In [8]:
import numpy as np
from sklearn.metrics import f1_score
from sklearn.svm import SVC

import torch
from transformers import BertTokenizer, BertModel

from datasets import load_dataset
from sklearnex import patch_sklearn
from warnings import filterwarnings
import mlflow
patch_sklearn()

Extension for Scikit-learn* enabled (https://github.com/uxlfoundation/scikit-learn-intelex)


In [2]:
device = 'cuda' if torch.cuda.is_available() else 'cpu'
print(device)

cuda


In [3]:
filterwarnings("ignore")

In [4]:
dataset = "imdb"
data = load_dataset(dataset)

In [5]:
shuffled_train = data["train"].shuffle(seed=42)
x_train = shuffled_train['text']
y_train = shuffled_train['label']
    
x_test = data['test']['text']
y_test = data['test']['label']

In [6]:
xtr = x_train
xte = x_test

In [7]:
print(xtr[0])

There is no relation at all between Fortier and Profiler but the fact that both are police series about violent crimes.

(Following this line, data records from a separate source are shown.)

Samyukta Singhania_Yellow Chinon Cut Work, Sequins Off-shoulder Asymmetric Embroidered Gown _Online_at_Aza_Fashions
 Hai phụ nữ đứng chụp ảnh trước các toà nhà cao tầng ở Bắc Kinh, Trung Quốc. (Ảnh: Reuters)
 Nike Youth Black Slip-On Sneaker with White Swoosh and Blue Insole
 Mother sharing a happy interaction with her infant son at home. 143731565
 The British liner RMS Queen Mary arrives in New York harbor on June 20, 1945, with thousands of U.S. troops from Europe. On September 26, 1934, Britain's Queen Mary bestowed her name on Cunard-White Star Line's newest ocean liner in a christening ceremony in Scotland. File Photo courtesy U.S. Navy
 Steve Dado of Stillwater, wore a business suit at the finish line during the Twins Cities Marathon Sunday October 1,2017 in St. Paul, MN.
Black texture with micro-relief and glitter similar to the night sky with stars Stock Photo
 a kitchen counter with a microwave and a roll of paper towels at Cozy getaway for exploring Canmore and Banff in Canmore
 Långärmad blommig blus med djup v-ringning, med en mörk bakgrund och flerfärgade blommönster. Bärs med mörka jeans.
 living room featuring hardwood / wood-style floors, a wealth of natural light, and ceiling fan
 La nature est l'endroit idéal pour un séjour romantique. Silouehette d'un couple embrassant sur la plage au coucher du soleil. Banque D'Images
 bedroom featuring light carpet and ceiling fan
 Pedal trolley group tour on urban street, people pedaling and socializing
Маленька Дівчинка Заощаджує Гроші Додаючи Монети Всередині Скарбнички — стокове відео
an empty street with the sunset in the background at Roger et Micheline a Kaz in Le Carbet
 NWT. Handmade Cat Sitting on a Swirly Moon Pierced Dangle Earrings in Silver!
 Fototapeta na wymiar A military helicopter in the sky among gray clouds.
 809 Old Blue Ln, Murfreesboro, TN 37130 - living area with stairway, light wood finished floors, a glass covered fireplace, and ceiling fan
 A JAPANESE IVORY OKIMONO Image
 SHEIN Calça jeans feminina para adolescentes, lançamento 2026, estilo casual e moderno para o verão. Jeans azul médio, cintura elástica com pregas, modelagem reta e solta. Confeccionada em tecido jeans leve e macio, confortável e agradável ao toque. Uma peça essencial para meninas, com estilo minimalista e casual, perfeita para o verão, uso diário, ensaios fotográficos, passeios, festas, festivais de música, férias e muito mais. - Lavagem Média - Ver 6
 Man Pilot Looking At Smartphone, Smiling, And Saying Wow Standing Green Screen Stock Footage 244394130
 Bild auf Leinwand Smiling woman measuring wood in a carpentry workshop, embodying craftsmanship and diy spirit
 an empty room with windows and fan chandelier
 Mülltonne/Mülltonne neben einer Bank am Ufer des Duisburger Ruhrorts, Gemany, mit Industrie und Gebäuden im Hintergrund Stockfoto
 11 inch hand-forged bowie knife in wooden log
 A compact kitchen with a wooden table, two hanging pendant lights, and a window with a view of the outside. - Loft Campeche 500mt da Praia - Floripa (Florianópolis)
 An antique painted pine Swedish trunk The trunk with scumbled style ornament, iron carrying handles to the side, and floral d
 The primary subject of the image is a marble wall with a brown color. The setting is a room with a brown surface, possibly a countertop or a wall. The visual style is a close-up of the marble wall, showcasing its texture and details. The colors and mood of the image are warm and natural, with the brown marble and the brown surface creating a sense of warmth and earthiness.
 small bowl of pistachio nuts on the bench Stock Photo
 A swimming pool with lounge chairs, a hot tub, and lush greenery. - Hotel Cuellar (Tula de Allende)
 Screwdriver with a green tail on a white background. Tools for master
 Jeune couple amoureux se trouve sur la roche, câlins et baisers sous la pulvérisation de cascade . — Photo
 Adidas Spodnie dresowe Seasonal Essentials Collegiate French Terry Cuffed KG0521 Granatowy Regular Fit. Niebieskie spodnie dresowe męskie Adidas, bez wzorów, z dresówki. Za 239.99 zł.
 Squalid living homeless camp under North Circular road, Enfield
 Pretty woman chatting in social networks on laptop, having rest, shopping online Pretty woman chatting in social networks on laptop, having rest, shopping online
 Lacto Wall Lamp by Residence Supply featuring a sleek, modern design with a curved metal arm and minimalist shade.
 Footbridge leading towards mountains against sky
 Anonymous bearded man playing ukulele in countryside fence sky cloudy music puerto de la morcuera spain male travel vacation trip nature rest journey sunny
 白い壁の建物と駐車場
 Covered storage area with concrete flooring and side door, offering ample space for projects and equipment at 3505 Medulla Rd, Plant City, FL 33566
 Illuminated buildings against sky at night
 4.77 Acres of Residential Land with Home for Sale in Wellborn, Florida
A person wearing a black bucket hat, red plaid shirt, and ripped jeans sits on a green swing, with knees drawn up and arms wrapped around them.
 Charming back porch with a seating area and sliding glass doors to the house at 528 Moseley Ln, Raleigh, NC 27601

Profiler looks crispy, Fortier looks classic. Profiler plots are quite simple. Fortier's plot are far more complicated... Fortier looks more like Prime Suspect, if we have to spot similarities... The main character is weak and weirdo, but have "clairvoyance". People like to compare, to judge, to evaluate. How about just enjoying? Funny thing too, people writing Fortier looks American but, on the other hand, arguing they prefer American series (!!!). Maybe it's the language, or the spirit, but I think this series is more English than American. By the way, the actors are really good and funny. The acting is not superficial at all...


In [10]:
model_name = 'textattack/bert-base-uncased-imdb'
tokenizer = BertTokenizer.from_pretrained(model_name)
model = BertModel.from_pretrained(model_name)

tokenizer_config.json:   0%|          | 0.00/48.0 [00:00<?, ?B/s]

vocab.txt:   0%|          | 0.00/232k [00:00<?, ?B/s]

special_tokens_map.json:   0%|          | 0.00/112 [00:00<?, ?B/s]

config.json:   0%|          | 0.00/511 [00:00<?, ?B/s]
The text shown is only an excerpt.